How to record source audio that produces a clean clone

The recording environment

The single most important variable. You do not need a studio, but you need:

  • A quiet room. Close the door. Turn off HVAC for 5 minutes. Silence your phone.
  • Soft surfaces. A bedroom with a closed closet full of clothes is fine. A kitchen with hard countertops is not.
  • No reverb. Clap once. If you hear a long tail, the room is too reflective. Move to a softer room.

The microphone

A $100 condenser USB mic (Audio-Technica AT2020, Fifine K669) is plenty. A headset mic is usually too noisy. A laptop mic is unusable for cloning.

The mic should be 6-10 inches (15-25 cm) from your mouth, slightly off-axis (not directly in front) to avoid plosives ("p" and "b" pops).

The script

ElevenLabs recommends 1-3 minutes of clean audio for an Instant Voice Clone, and 30+ minutes for a Professional Voice Clone.

The script should be:

  • Varied in sentence structure. Not all "the quick brown fox" — include questions, exclamations, lists.
  • Varied in emotion. Some sentences neutral, some excited, some thoughtful.
  • Your natural speaking pace. Do not slow down to "sound professional" — the clone will pick up the slower pace.
  • Free of filler words ("um," "uh," "like"). Fillers in the source will appear in the clone.

A good test script:

The quick brown fox jumps over the lazy dog. Pack my box with five
dozen liquor jugs. How vexingly quick daft zebras jump! Bright vixens
jump; dozy fowl quack. The five boxing wizards jump quickly.
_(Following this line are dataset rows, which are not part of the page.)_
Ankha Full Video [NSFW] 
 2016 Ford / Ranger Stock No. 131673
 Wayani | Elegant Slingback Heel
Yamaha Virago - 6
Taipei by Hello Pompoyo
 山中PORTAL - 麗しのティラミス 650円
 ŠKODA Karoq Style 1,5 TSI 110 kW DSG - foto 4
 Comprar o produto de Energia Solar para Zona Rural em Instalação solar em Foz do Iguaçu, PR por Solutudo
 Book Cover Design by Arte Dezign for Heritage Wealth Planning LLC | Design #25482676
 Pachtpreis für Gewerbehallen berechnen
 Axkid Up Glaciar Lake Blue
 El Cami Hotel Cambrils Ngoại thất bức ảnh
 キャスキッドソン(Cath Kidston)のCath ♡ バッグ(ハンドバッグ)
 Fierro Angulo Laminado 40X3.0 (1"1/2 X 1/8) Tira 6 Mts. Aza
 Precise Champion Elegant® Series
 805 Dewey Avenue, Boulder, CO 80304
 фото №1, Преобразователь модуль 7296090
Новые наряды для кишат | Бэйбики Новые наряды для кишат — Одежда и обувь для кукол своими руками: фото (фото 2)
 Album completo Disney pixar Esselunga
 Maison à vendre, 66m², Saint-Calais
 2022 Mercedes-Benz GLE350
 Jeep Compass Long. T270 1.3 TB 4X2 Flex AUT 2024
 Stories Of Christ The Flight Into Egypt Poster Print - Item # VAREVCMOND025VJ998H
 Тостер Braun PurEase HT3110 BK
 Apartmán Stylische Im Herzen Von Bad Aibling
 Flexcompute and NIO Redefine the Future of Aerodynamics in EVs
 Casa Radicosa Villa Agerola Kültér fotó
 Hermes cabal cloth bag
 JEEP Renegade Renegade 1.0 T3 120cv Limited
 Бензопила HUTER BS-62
I started my own company three years ago because I wanted to solve a
problem I had personally. The first year was hard. The second year
was harder. The third year, things started to work.

What keeps me up at night? Honestly, it's the gap between what I
know we can build and what we have time to build this quarter.

Read it at your natural pace. Time it: the script is about 60 seconds.

Tip
Record 3-5 minutes, not 1. The model gets better with more material. For Instant Voice Clones, 3 minutes is the sweet spot. For Professional Voice Clones, 30+ minutes.

The recording software

Audacity (free) or any DAW. Record at 44.1 kHz, 16-bit, mono. Save as WAV. ElevenLabs accepts WAV, MP3, and M4A — WAV is the safest.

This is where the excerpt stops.